A complicated mystery with literary roots challenges a rookie gumshoe.
Fresh from solving a murder whose origin stretched back nearly a century (Blackman’s Coffin, 2008, etc.), Iraqi war veteran Sam Blackman has a new lease on life despite having lost a leg in combat. Nakayla Robertson, the victim’s sister, who roused Sam from his postwar mental doldrums and helped him unravel his last case, has become his lover. Returning to Asheville, N.C., he makes her his partner as well in a new detective agency.
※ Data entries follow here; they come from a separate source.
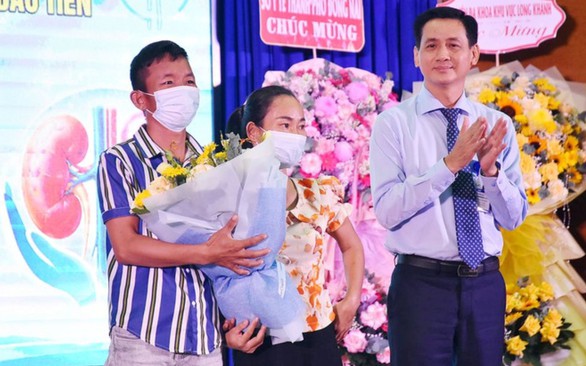 Ca ghép tạng đầu tiên thành công ở Đồng Nai: Chồng hiến thận cho vợ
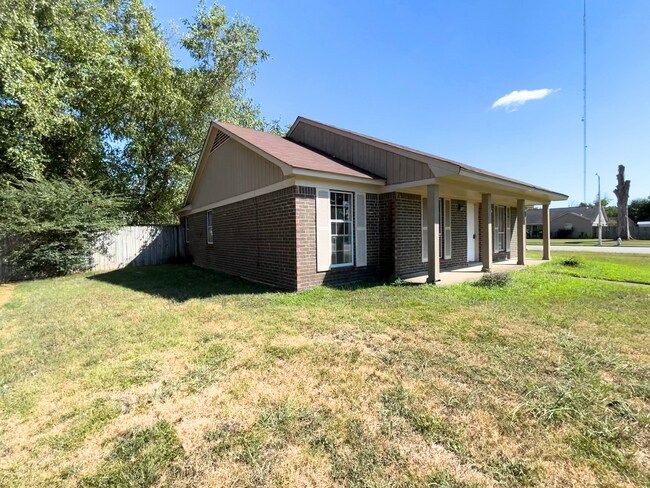 Foto del edificio - 6959 Tulip Trail Dr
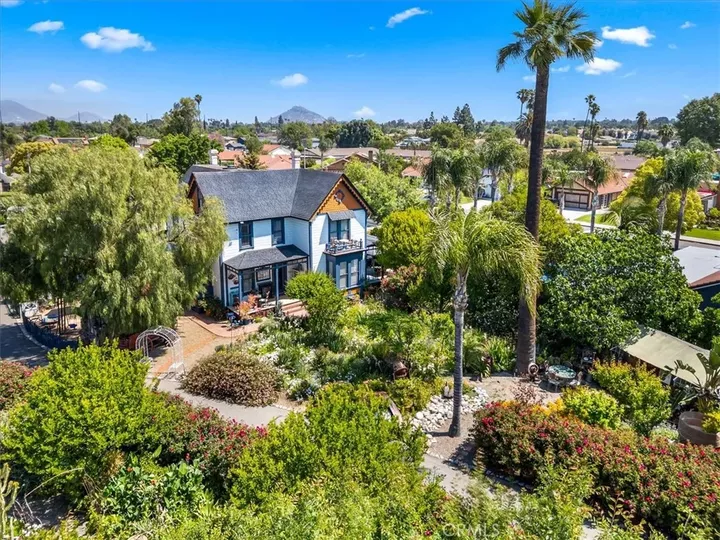 5211 Central  Riverside CA 92504 photo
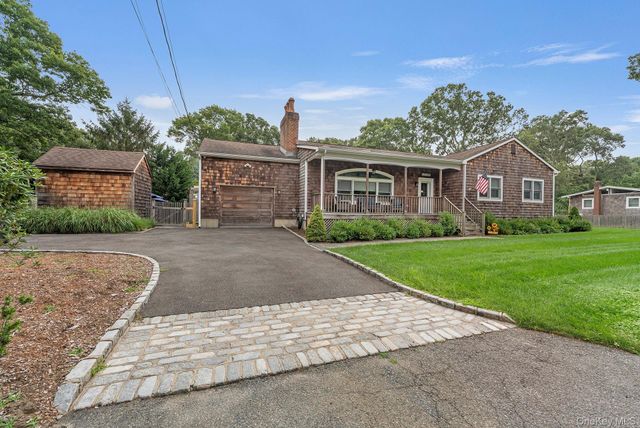 10 7th Street, East Hampton, NY 11937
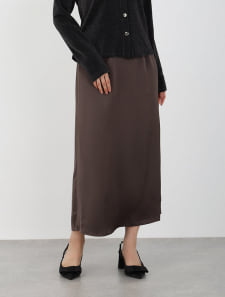 サテンナロースカート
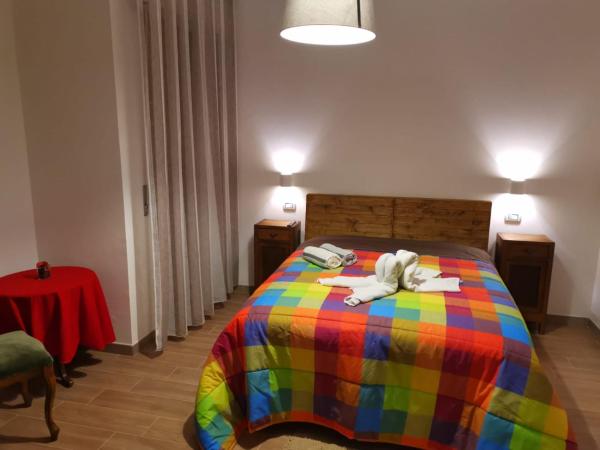 B&B Belli Dentro : photo 7 de la chambre chambre double avec salle de bains privative extérieure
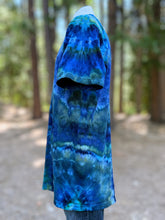 Load image into Gallery viewer, Men’s Large Tall (may even fit an XL!) Geode T-Shirt in ‘Deep Sea Dream’
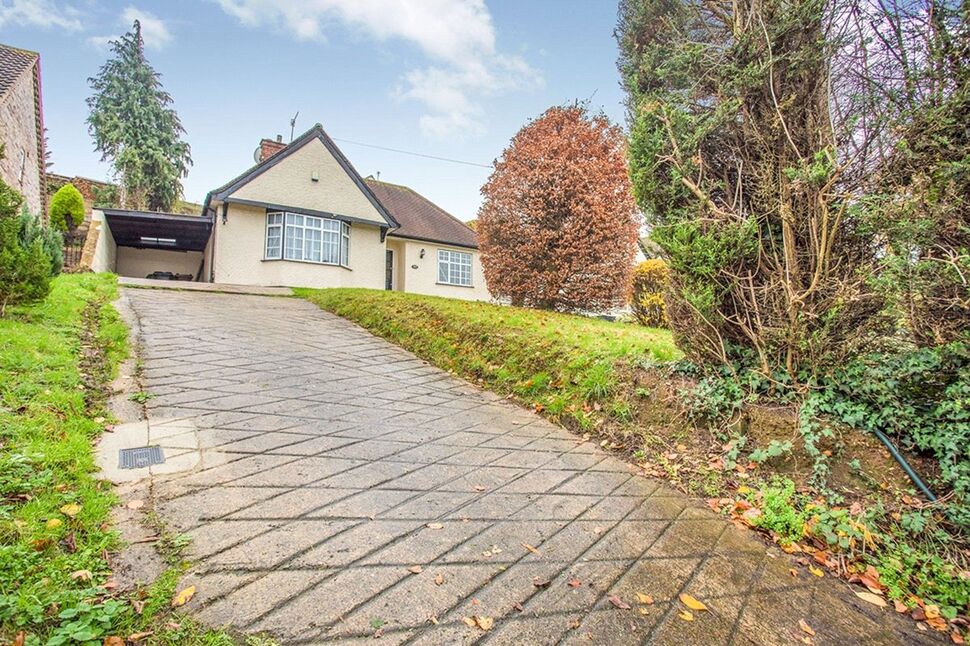 Main image of 2 bedroom Detached Bungalow to rent, Old Watford Road, Bricket Wood, Hertfordshire, AL2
Elderly Ethel Barkley charms Sam with a yarn about her teacher Laura Guthrie, who worked as a secretary for F. Scott Fitzgerald in the 1930s. Mrs. Barkley wants Sam to go to her bank and retrieve a safe-deposit box that is somehow linked to a “crime” she says she committed against Fitzgerald in 1935. It seems like an easy assignment and an errand of mercy. Sam is unprepared for what he finds at the bank: The box is sealed with hardened metal bearing the imprint of a swastika. The plot thickens when somebody breaks into Sam and Nakayla’s office and steals the unopened box, leaving behind the strangled corpse of friendly building security guard Amanda Whitfield. When Sam revisits Mrs. Barkley, she seems far less vague and innocent. Adding more headaches is unfinished business from Sam’s hitch in Iraq, involving among other things the controversial Blackwater Company.
The warmth of Sam and Nakayla’s relationship and Sam’s challenged but determined heart make for a great read despite some lead-footed plotting.